Jurnal 04 - Kapten Gagal

37 8 30
                                    


[ .... ]

[Selamat datang di Jurnal Digital ZXC-0064, Kapten Drake.]
[Masukkan kode dan nama: ...]

[][][][][][] - Ducky,
Memperbarui Data

[Pembaruan data, diterima]
[Masukkan nama tempat: ...]

Direland, + [][] KM dari Koloni AX0931
[][] KM dari Koloni tujuan, Rogue

[Data tempat tujuan baru, diterima]
[Masukkan satuan hitung mundur hingga tujuan: ... ]

Hitung mundur satuan jam

[Hitungan mundur dimulai]
[Masukkan tempat menyimpan: ...]

Jurnal 04 - 18 jam dari Koloni Rogue

[Tempat menyimpan baru, diterima]
[Mulai menulis]

Korban terakhir baru saja selesai dikubur. Mereka menggunakan barang pribadi sebagai ganti nisan. Milik gadis galak itu yang di paling kiri, hanya menggunakan batu yang diukir dengan namanya, karena si bocah Jei tak mau berpisah dengan pisau Ven. Membawa banyak kenangan, katanya.

Secarik kain ungu yang waktu itu tersangkut di gigi cacing berkepala bunga, juga dililitkan ke batu. Berkibar karena tiupan angin gurun. Dingin, membuatku menggigil dan menyadari bahwa sekujur tubuhku terasa sakit di mana-mana.

Selain memar-memar sepertinya rusuk yang retak mencapai dua batang. Membuat nyeri setiap kali menarik atau menghembuskan napas, tetapi asal tak banyak bergerak dan makan cukup, bisa pulih kembali dalam beberapa minggu.

Satu helaan napas panjang kembali lolos, padahal aku tahu betul bagaimana efeknya pada sakit di rusuk. Demi segala puing-puing peradaban masa lalu, kenapa terasa begini berat. Padahal hanya kematian orang yang bukan siapa-siapa.

Kecelakaan biasa terjadi di Direland, ada ribuan kejadian serupa lain setiap harinya. Nyawa orang juga sangat murah, baik di Direland maupun di Liberté. Tak peduli seterlatih apapun seseorang, semulia apapun tujuan hidupnya, bila nasib berkata lain, maka dia tak akan selamat.

Aku sendiri yang paham betul tentang hal itu. Buktinya aku masih hidup, di sini, bernapas.

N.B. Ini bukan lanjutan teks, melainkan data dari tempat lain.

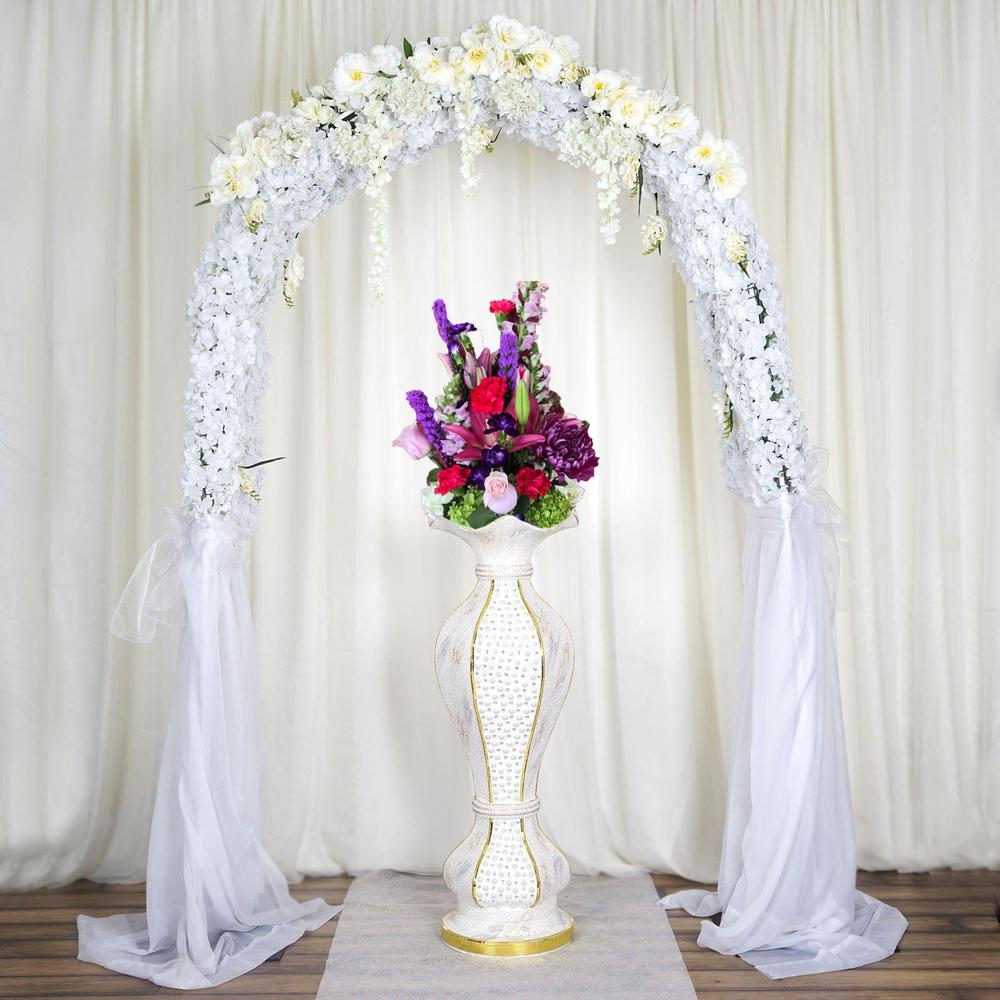 White Gold 40 in tall Ceramic Pot Vase with Marble Design and Mirror Mosaic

Sementara tidak demikan halnya dengan rekan-rekan unit dan para ilmuwan yang bersusah payah mengerahkan kemampuan dan kepandaian mereka, terlepas dari beratnya tugas yang harus dilakukan.

Seharusnya aku sudah terbiasa, tetapi mengapa tetap terasa ada yang mengganjal. Sesak, tetapi bukan hanya karena luka di badan. Sepertinya aku gagal menjaga ekspresi wajah, karena seorang kru AYX segera menghampiri dan menawarkan obat pereda sakit. Padahal rekan mereka juga ada yang luka-luka akibat kendaraan yang diguling-gulingkan seperti truk pengaduk semen oleh monster tadi.

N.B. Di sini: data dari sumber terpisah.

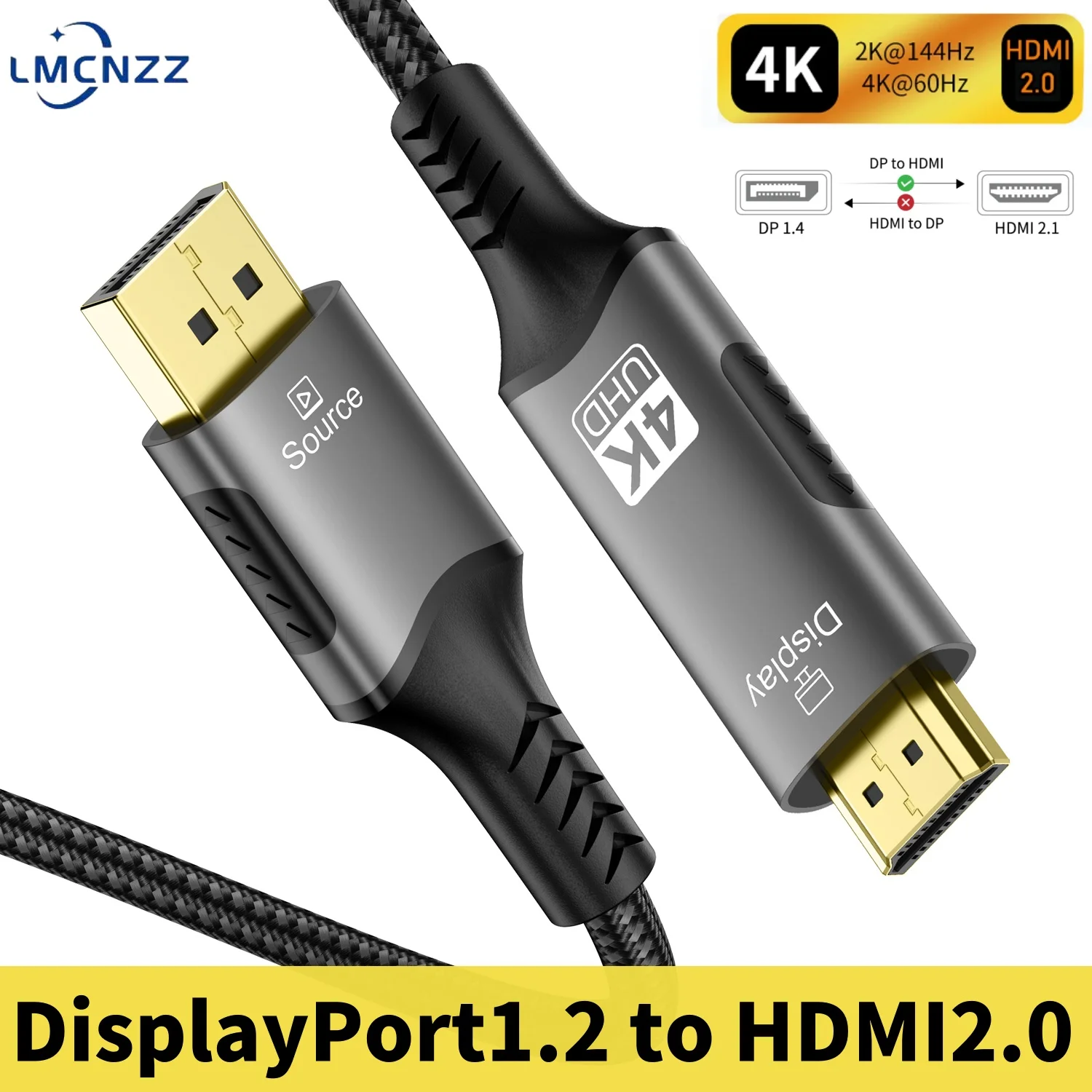 4K 60Hz DisplayPort to HDMI Cable dp1.2 to hdmi2.0 Video Audio Cable for pc projectors Laptop HP Dell Lenovo ThinkPad notebooks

Pemimpin konvoi memutuskan untuk memaksa melanjutkan perjalanan setelah rehat sejenak untuk orang-orang yang bertugas menggali dan menutup makam. Mereka khawatir akan adanya serangan susulan dari monster-monster gurun lain yang mungkin tertarik aroma bangkai cacing kepala bunga.

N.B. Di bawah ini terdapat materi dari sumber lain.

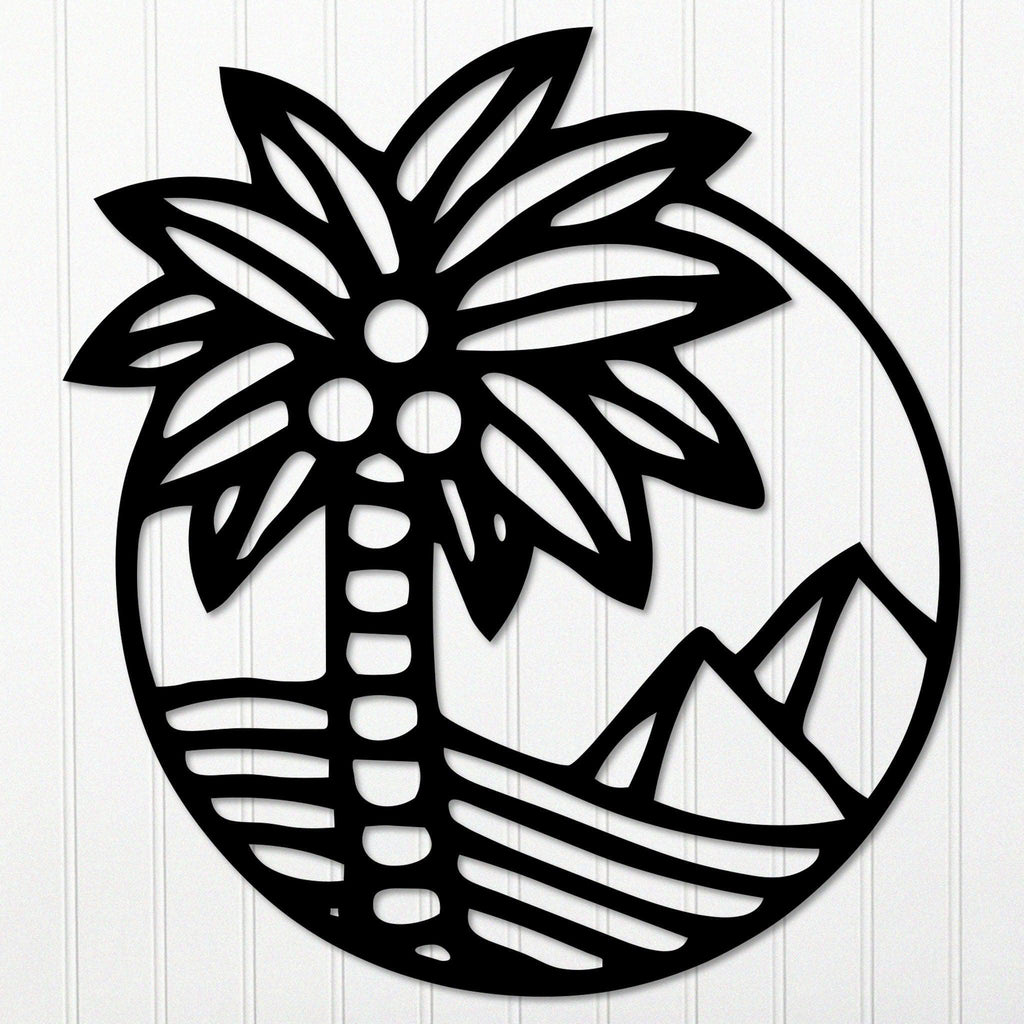 Coastal Palm Tree Metal Wall Art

Tidak masalah karena sebagian besar barang sudah dibereskan. Tinggal menggulung kembali tenda-tenda saja. Untuk menjaga stamina, mereka memutuskan hanya mengemudi bergantian serta menambah toilet break.

Mendengar itu para kru AYX yang lain segera kembali ke ruang kemudi, setelah seorang dari mereka menjejalkan satu strip pil pereda sakit ke tanganku. Sikap ramahnya mungkin karena sempat melihat tato di lenganku ketika membantu membalut perban.

Sepertinya aku harus membantu mengepak tenda supaya mereka bisa istirahat lebih lama.